The Java Bean next to the market was open, praises be. Armed with coffee, I wandered the aisles, soaking up the general party atmosphere and buying both necessities and...not: donuts and good cheddar and chocolate-chip-cookie ingredients, because what else are you going to do on a snow day, besides drink cocoa and eat crap? Besides, I'd get my workout lugging it all back home through the drifts. The man behind me in line was buying a 12-pack of pilsner and four rolls of giftwrap. "You can see how the rest of my afternoon is going to go!" he said jovially. "Gradually, the packages will get messier, and messier..."

And so I crumped back home, shifting the heavy bag from hand to hand, waving at the poor bastards in the UPS truck who so kindly let me cross in front of them--I hope you don't wrap yourselves around a telephone pole today, fellas. I felt rosy and virtuous and slightly mummified, sweating in my wool cocoon. It was a relief to swap my snowy clothes for sweats and slippers at home. It is still snowing; I am on Christmas vacation as of next Monday but probably, really, tomorrow, and technically today, too. Giddy-up, let's go. <makes whip-cracking sound>

4 comments:

chicklegirl said...

I got a good chuckle out of this post; just yesterday Jim and I were reminiscing about the bread-bags-rubber-banded-over-the-shoes thing, which both of our parents used to do, since it was too spendy trying to keep All. Those. Kids. in winter boots (his family had six kid, mine had five). The lucky ones got the bread bags; the unlucky were forced to wear gender-inappropriate hand-me-down moon boots of hot pink or camo (before camo was cool).

Kim said...

Ah, the gender-inappropriate hand-me-down! The friends we have Christmas dinner with had four kids, three boys--the youngest of whom is now mid 20s but still remembers inheriting my sister's dainty powder-blue ski jacket in about 1986. "It's BLUE! Blue is for boys!" both his mother and mine told him...but he knew. :)

Anonymous said...

We went out shopping yesterday -- the Sat before Xmas, what were we thinking? -- but didn't make it as far as the mall, due to the several hundred cars in line ahead of us. We parked the chariot at the south end of Southcenter Parkway and checked our list twice at (e.g.) Marshall's. Then we trudged through thickening snow to Half-Price Books, where an ominous portend greeted us: "Closing at 5 due to weather." That gave us 20 minutes. But by the time we finished that and a leisurely trip to Best Buy ("The Guy Store," Sarah called it), and some Starbucks downtime, everyone else seemed to have gone home: traffic was almost gone. Huh, where'd everyone go?
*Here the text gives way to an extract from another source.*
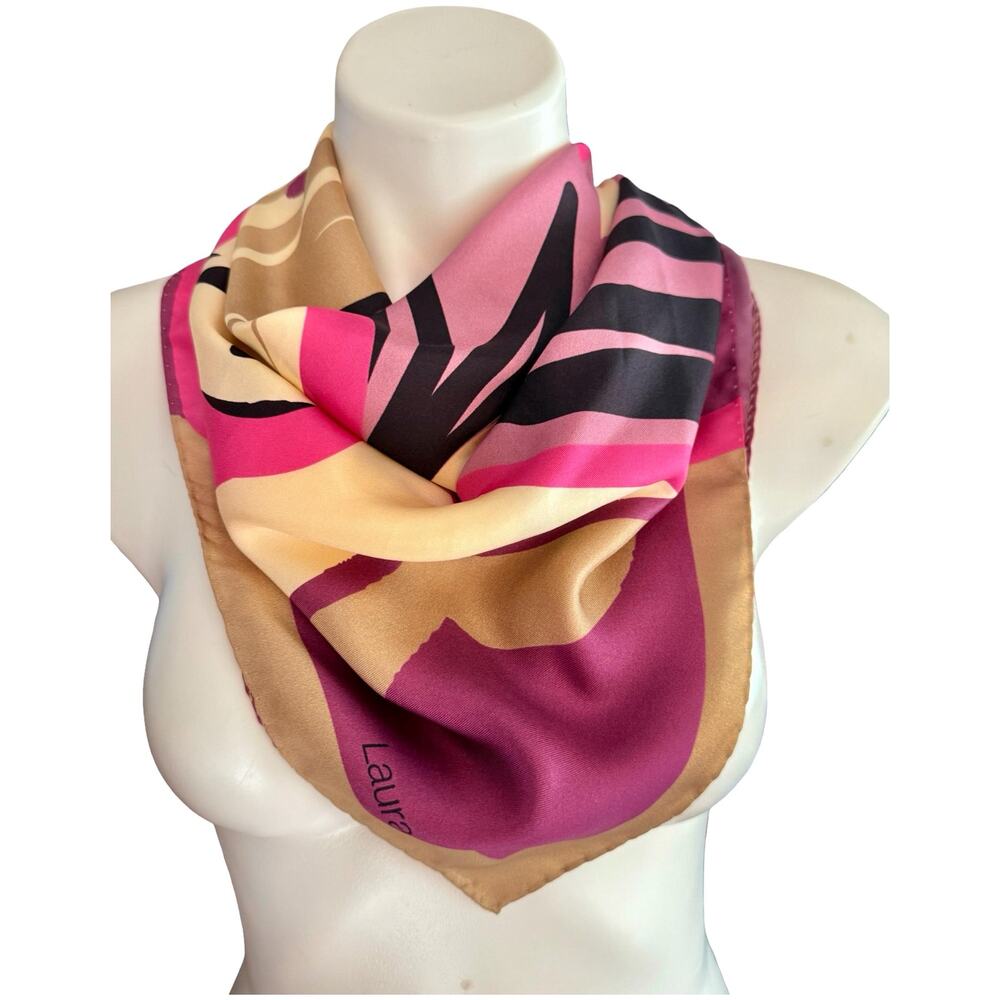 Rare Vintage Laura Biagiotti Silk Di Como Italian Scarf Abstract Print 34x34 - Picture 9 of 12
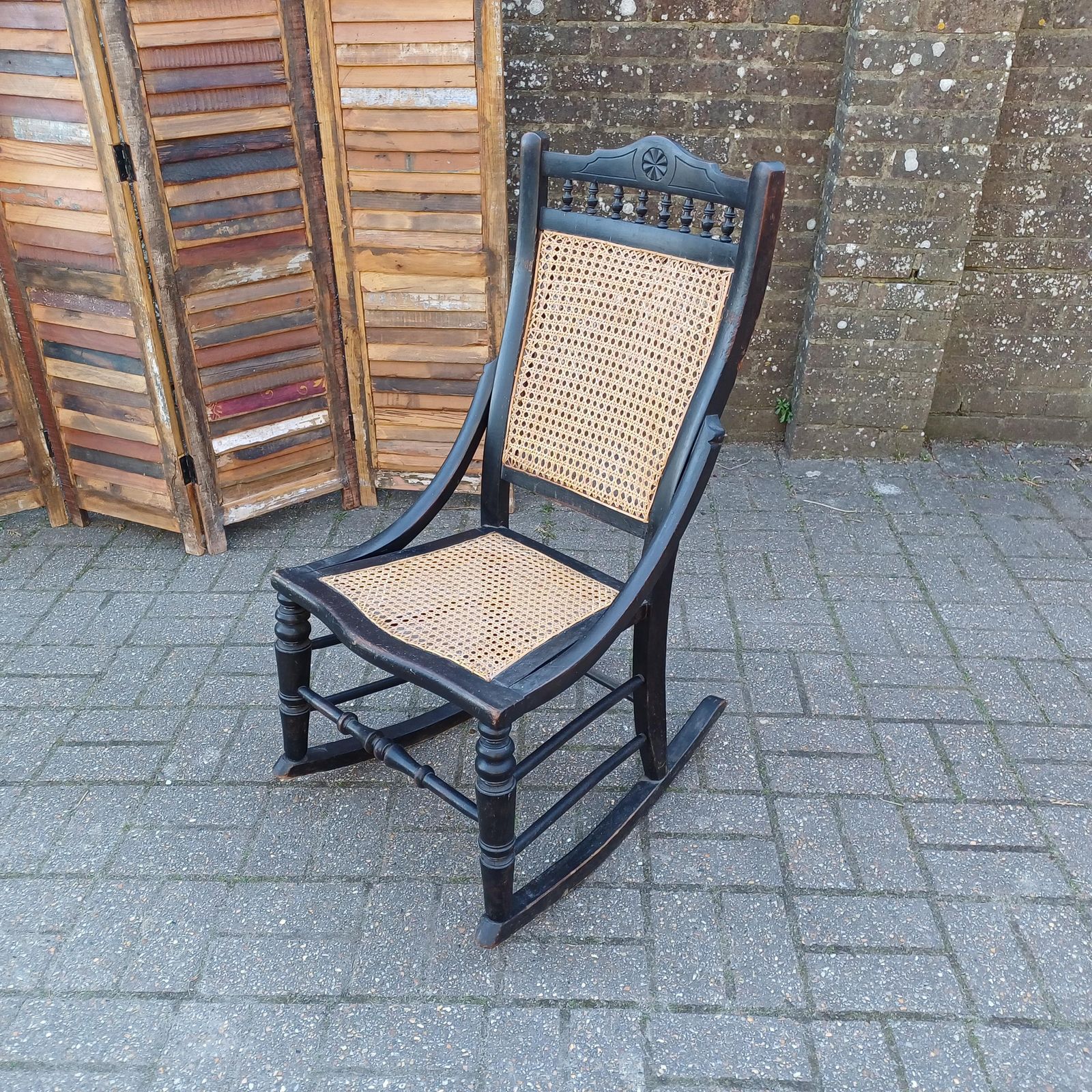 Ebonised New Cane And Wood Rocking Chair Vintage Country Farmhouse Style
However, our next stop was the airport, where we waited for one of the many incoming relatives. Plane late; luggage slow, so we spent about 2-1/2 hours there. (Sister-in-law said they were Alaska's last plane to Seattle from the Bay Area yesterday.) By the time we left, even the freeways were an inch thick with snow. Much to my amazement, and traveling about 20 mph the whole way, we crunched our way up 405 and (astonishingly) the hill by Valley Medical, passing some who weren't making it, following fainter and fainter tire tracks until we were blazing a path through the new snow in our own (quite car-free) neighborhood.

You know who loves this weather? Doggies.

Anonymous said...

I really, really need YouTube footage of the cold-weather news-anchor breakdown.